#### [Task to complete]
Given the entries that follow, write out exactly the lines starting at the one containing "Foto del edificio" and ending at the one containing "Стеклоподъёмник двери Volvo XC70 II", both ends included, and only those.

#### [Data]
+---+
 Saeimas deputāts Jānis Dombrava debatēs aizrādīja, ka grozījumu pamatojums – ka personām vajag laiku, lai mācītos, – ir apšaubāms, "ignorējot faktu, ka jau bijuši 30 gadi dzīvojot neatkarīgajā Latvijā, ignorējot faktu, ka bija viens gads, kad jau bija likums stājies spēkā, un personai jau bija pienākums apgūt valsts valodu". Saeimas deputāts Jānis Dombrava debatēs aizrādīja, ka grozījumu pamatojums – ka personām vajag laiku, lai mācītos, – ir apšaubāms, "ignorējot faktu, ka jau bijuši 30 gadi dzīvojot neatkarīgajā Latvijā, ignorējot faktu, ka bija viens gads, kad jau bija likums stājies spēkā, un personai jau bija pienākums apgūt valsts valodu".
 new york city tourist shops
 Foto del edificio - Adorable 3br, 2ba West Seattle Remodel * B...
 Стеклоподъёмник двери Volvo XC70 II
+---+
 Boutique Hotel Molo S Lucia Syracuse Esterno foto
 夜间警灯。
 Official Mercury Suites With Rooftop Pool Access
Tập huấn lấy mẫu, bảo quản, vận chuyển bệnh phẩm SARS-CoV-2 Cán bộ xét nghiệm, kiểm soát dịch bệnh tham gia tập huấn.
+---+
#### [Response to the exercise]
 Foto del edificio - Adorable 3br, 2ba West Seattle Remodel * B...
 Стеклоподъёмник двери Volvo XC70 II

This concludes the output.